Arts and Accountability in Liberia
On my close to 4 hours daily commute to Central Monrovia, I enjoy listening to the morning and evening talk shows on the radio – especially the truth breakfast show and the Costa Show. A significant chunk of what you hear on these shows centers around the public frustration of the government and its agents. Citizens spew insults at lawmakers, cabinet ministers and even the president who is highly revered across the globe. Considerably, as an aspiring change-maker, I do not embrace the denigration of any leadership, because through experience, one understands the complexities of leading, especially in a developing economy like ours. From childhood, we are taught to venerate our leaders or anyone in authority. This idea, in argument, has been engrained into our moral paradigms to an extent that people conform to gullibility over inquisitive cynicism and questioning their government/leaders. Leaders are given responsibilities, fail to perform and walk away with impunity. This is no news! However, I think it is reasonable to infer that this mentality is changing given the current state of advocacy and non-violent marches. This change is coming at snail pace and the few who are at the forefront risk their personal security in a country where the police and justice systems are marred by corruption and inaction. How else do you talk about accountability? Well, the Accountability Lab, where I’m interning this summer, seemed to have figured out this puzzle – to a larger extent. I believe one has to get “creative” in order to discuss and promote issues of accountability and that’s exactly what the Accountability Lab has done.
The Accountability Lab is driven by a powerful goal- to empower citizens in Liberia to build creative tools for integrity and accountability in their communities. The team provides training, mentorship, networks, management support and seed funding for the development of low-cost, high-impact ideas for positive change. By enabling Liberians to use information and knowledge to hold their government responsible, the Lab is finding innovative ways to unlock the rich potential for political and economic development.
Just last week, the lab held two events where it used visual arts to promote a dialogue on accountability. The first of two events was a film festival that saw amateur filmmakers across Liberia create short films on the deadly Ebola crisis. This event was attended by high-level officials in Liberia, including the British, U.S. and French Ambassadors, and other prominent Liberian figures.
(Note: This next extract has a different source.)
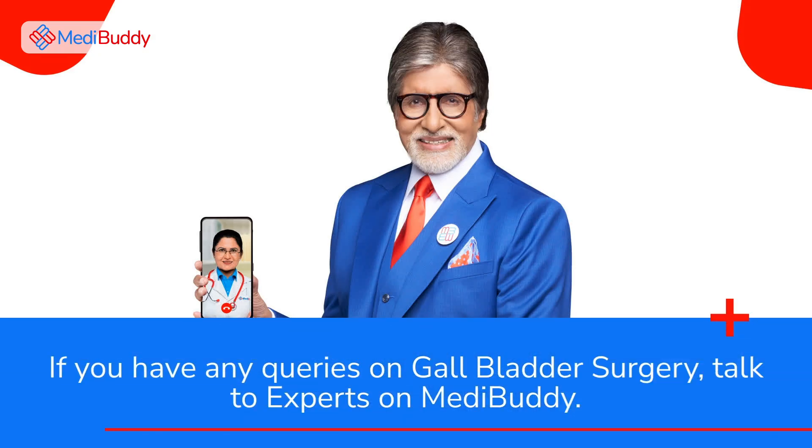If you have any queries on gall bladder surgery, talk to experts on MediBuddy.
These short films revealed the personal struggles, fears, and cultural conundrums faced by every Liberian, including the government, during the peak of the Ebola crisis and highlighted the significance of accountability in curbing the spread of the virus. The message was clear, creative, and absorbed by the audience. This type of accountability advocacy works!
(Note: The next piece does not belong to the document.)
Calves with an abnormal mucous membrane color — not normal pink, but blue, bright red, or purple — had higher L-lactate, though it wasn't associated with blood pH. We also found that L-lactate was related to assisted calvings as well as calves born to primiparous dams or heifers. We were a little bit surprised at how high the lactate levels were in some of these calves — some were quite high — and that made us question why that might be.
The second event was an arts exhibition that saw some of the finest local artists produce paintings to capture key accountability issues – injustice, corruption, sex for grades, etc. For those who appreciate the arts, this was an event brought people closer to an almost real experience of the issues presented in each painting. For me, the paintings about education, especially the one attached, brought feelings of irritation, frustration but more importantly, it boosted my passion for education improvement in Liberia.
The Lab is adding tremendous value to the ongoing rebuilding process in Liberia and I’m fortunate to be part of the work this summer.